Recorded data:
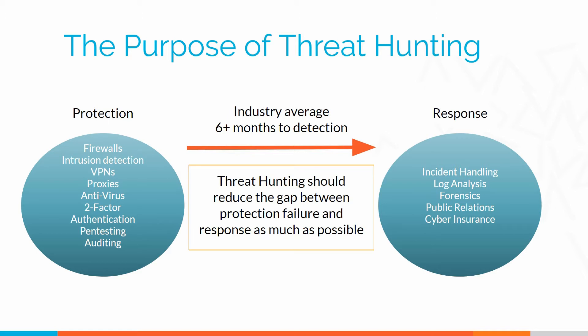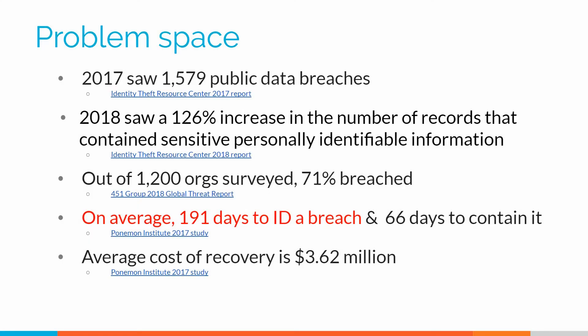You may notice in the response column I have log analysis, and there's a reason for that. The reason is we've been trying to use log analysis to tie those two together, and it just has not been working. And there are multiple studies that show that.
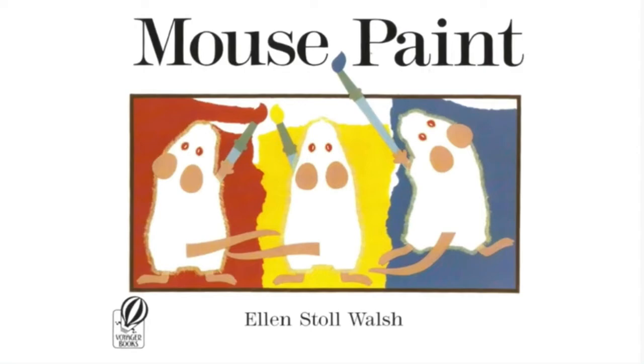Today, I'm going to read a story to you called Mouse Paint by Ellen Stoll Walsh.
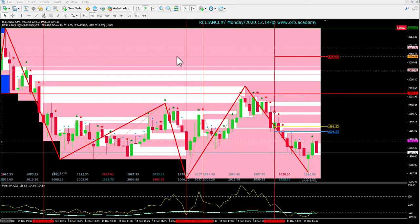It's 14th December 2020 and I'm back with the Reliance update. In the morning we had a sold Reliance at around 1992-2000 levels and then we had a target of 1986-87.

What this task involves:
All of the data above should be printed again exactly, though none of the pictures belong in the copy.

Answer to this exercise:
You may notice in the response column I have log analysis, and there's a reason for that. The reason is we've been trying to use log analysis to tie those two together, and it just has not been working. And there are multiple studies that show that.
Today, I'm going to read a story to you called Mouse Paint by Ellen Stoll Walsh.
It's 14th December 2020 and I'm back with the Reliance update. In the morning we had a sold Reliance at around 1992-2000 levels and then we had a target of 1986-87.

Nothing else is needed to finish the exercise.